(PROBLEM TO SOLVE):
Below is a block of entries; repeat exactly the lines starting at the line that contains "Бегунок трамблера Toyota" and ending at the line that contains "Юбка Balenciaga, черный", both included.

(MATERIAL FOR THIS EXERCISE):
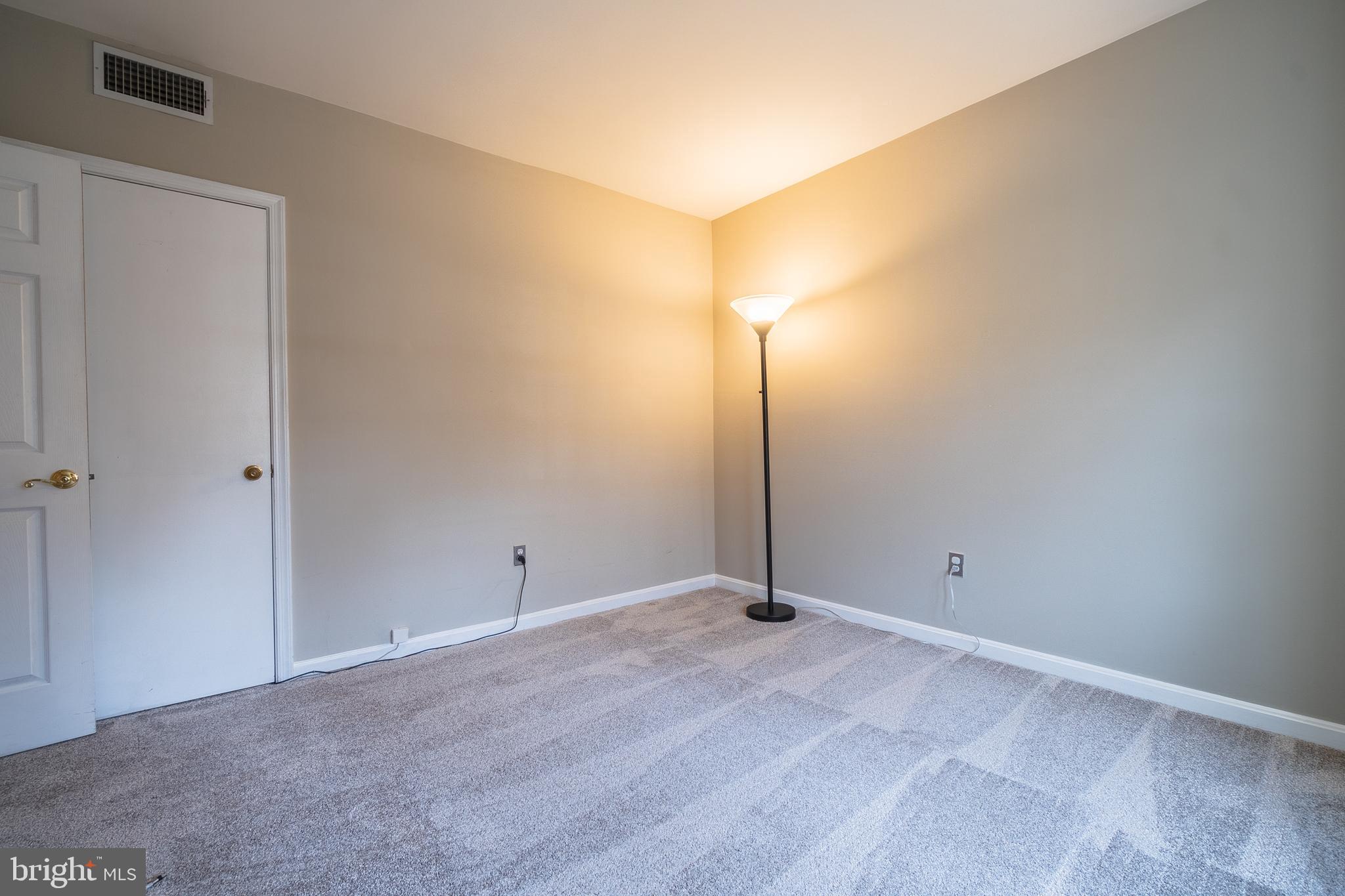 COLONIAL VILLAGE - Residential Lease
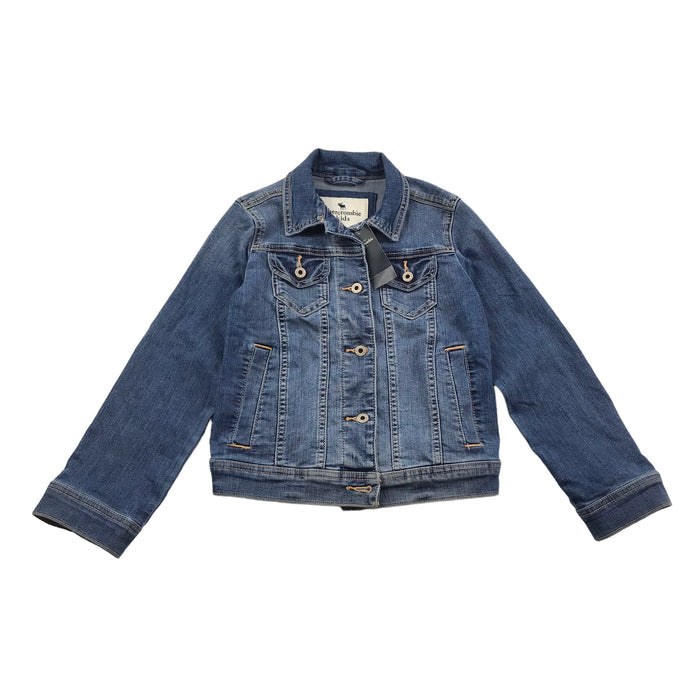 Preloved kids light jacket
--
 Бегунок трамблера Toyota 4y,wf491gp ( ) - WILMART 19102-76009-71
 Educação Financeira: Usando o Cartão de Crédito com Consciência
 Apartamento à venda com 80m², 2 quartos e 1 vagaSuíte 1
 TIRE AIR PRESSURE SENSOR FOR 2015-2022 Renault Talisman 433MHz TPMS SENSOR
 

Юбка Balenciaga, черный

(TASK RESULT):
 Бегунок трамблера Toyota 4y,wf491gp ( ) - WILMART 19102-76009-71
 Educação Financeira: Usando o Cartão de Crédito com Consciência
 Apartamento à venda com 80m², 2 quartos e 1 vagaSuíte 1
 TIRE AIR PRESSURE SENSOR FOR 2015-2022 Renault Talisman 433MHz TPMS SENSOR
 

Юбка Balenciaga, черный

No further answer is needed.